Items listed in a dataset
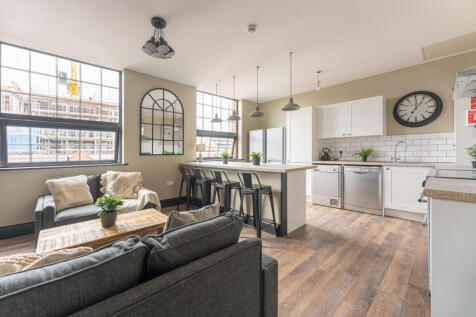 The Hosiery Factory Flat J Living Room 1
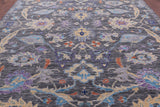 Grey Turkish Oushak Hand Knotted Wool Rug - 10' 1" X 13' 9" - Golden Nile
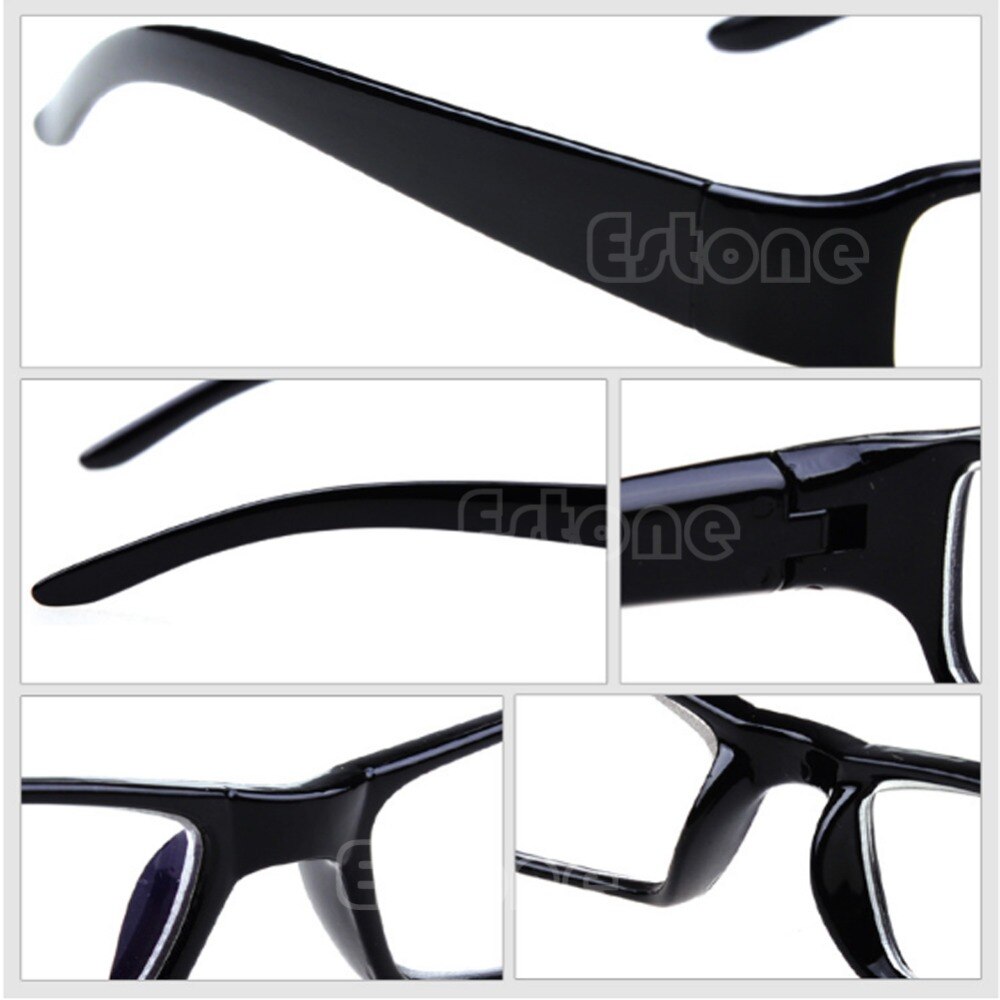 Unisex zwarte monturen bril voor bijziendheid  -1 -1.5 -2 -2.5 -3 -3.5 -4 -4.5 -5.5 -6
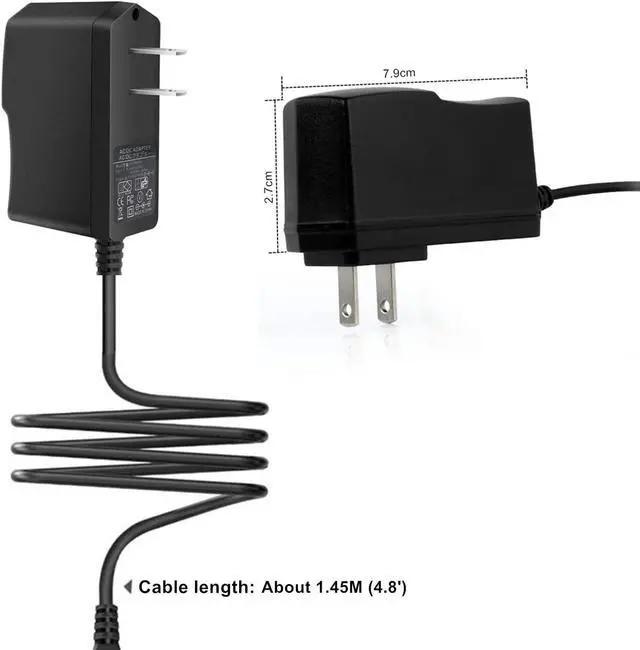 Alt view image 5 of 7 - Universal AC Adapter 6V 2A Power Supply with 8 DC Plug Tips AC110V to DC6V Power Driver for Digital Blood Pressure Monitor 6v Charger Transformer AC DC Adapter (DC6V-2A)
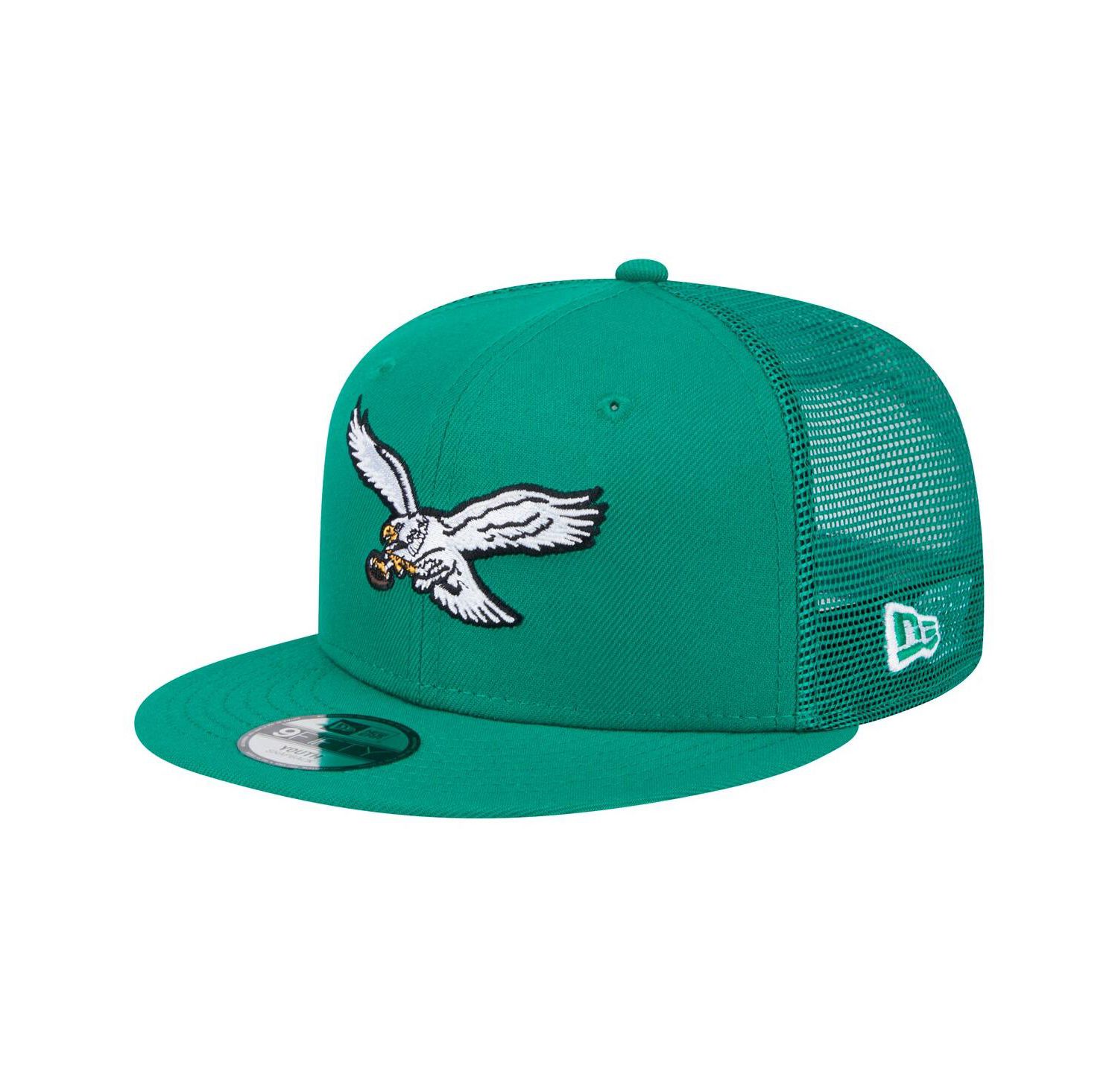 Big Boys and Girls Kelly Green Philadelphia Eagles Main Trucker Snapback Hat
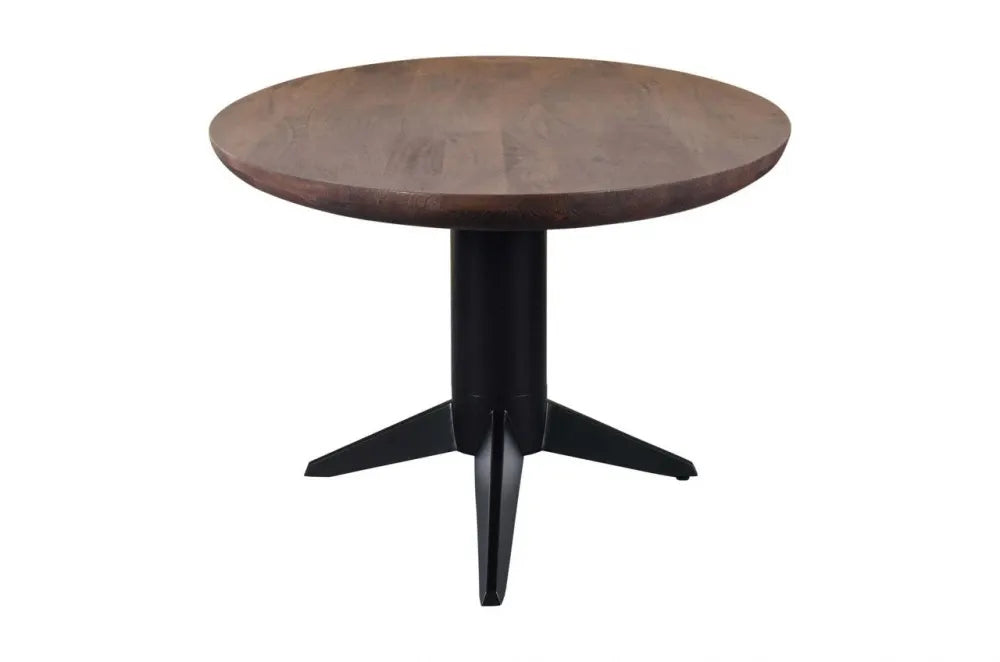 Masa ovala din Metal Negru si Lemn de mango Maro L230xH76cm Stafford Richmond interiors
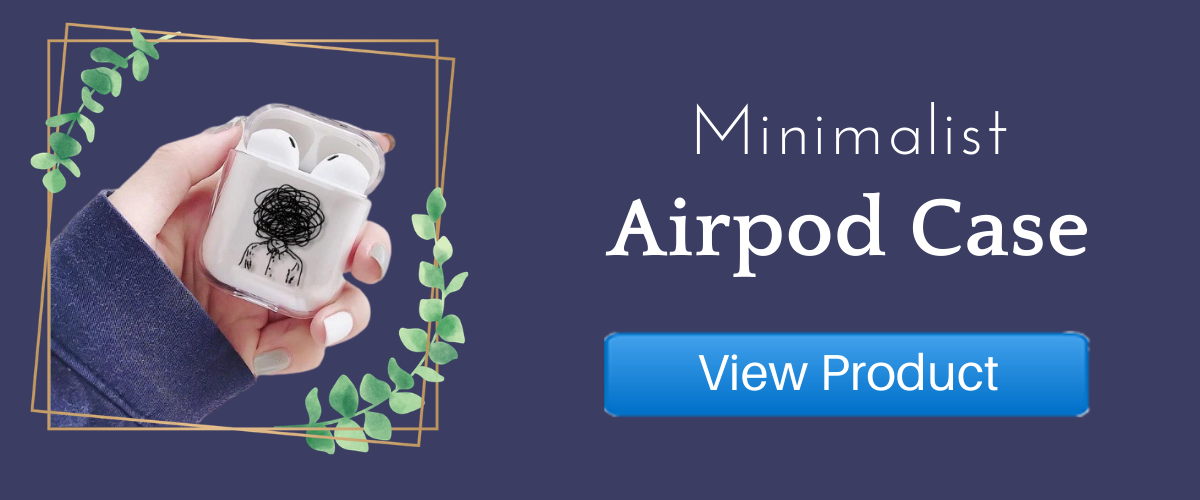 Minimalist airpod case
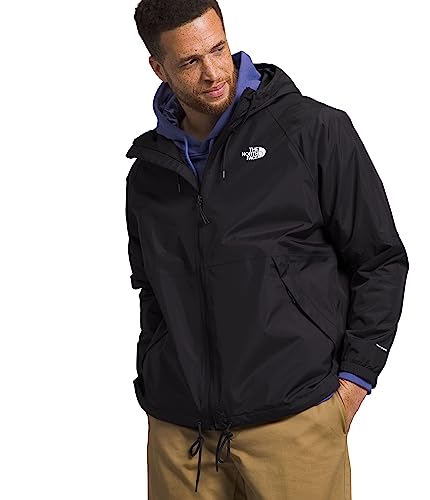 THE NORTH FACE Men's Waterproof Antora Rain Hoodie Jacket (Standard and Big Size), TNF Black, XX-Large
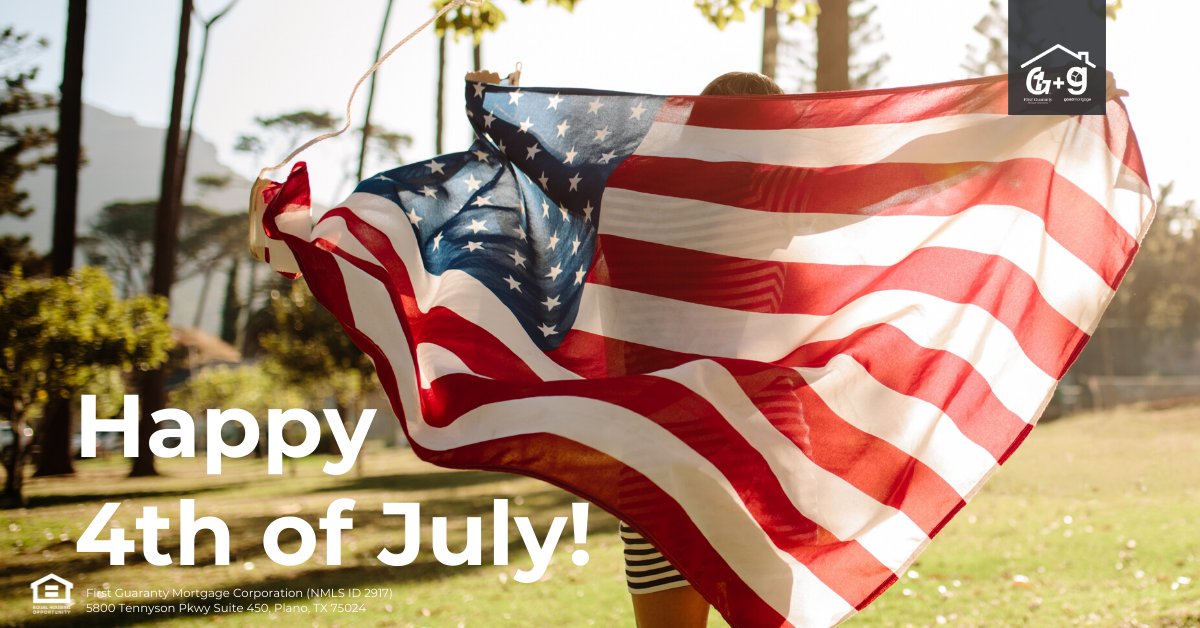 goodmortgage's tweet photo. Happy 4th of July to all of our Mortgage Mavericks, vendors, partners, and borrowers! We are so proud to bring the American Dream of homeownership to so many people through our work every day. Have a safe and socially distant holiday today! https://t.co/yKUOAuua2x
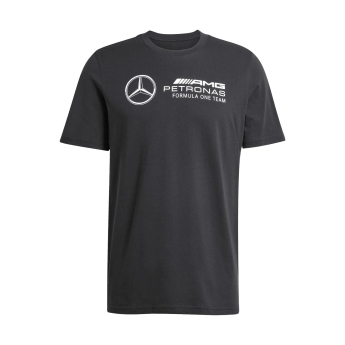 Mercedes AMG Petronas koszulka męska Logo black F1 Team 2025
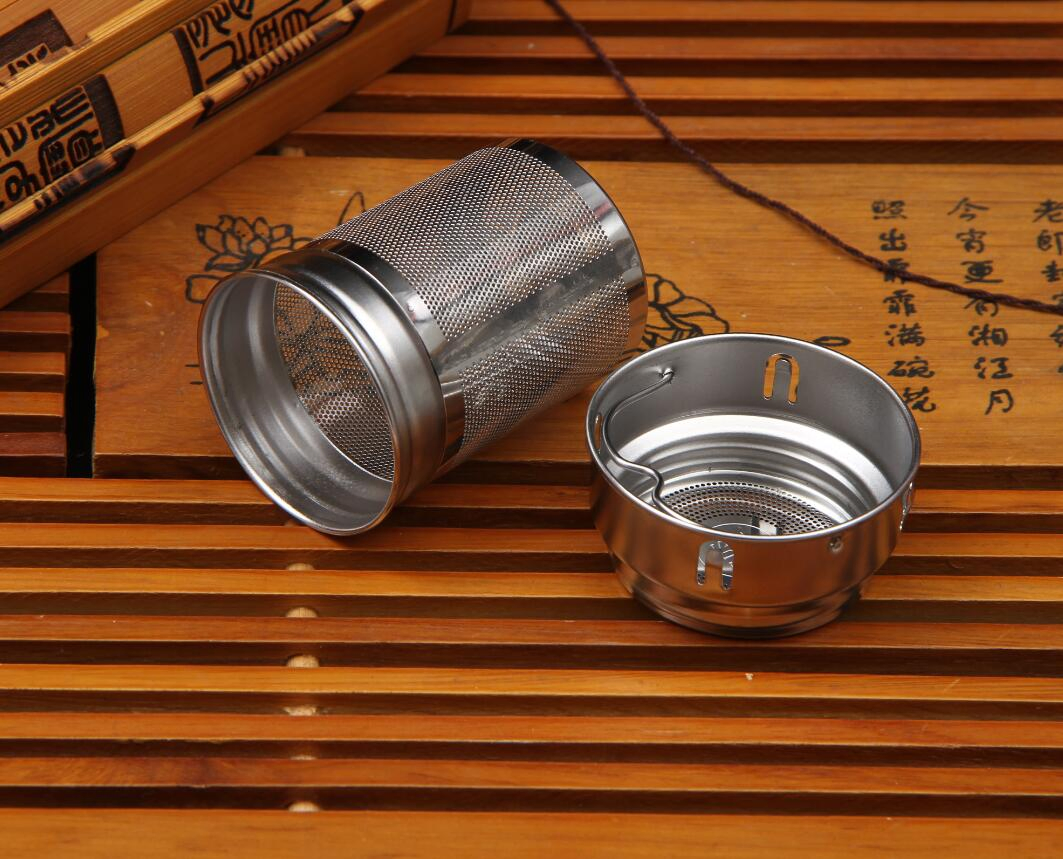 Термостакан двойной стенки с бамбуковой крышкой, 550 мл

### Instructions to follow
In the records above, the lines from the one containing "Big Boys and" through the last line are to be written out exactly, both ends included and pictures omitted.

### Response area
 Big Boys and Girls Kelly Green Philadelphia Eagles Main Trucker Snapback Hat
 Masa ovala din Metal Negru si Lemn de mango Maro L230xH76cm Stafford Richmond interiors
 Minimalist airpod case
 THE NORTH FACE Men's Waterproof Antora Rain Hoodie Jacket (Standard and Big Size), TNF Black, XX-Large
 goodmortgage's tweet photo. Happy 4th of July to all of our Mortgage Mavericks, vendors, partners, and borrowers! We are so proud to bring the American Dream of homeownership to so many people through our work every day. Have a safe and socially distant holiday today! https://t.co/yKUOAuua2x
 Mercedes AMG Petronas koszulka męska Logo black F1 Team 2025
 Термостакан двойной стенки с бамбуковой крышкой, 550 мл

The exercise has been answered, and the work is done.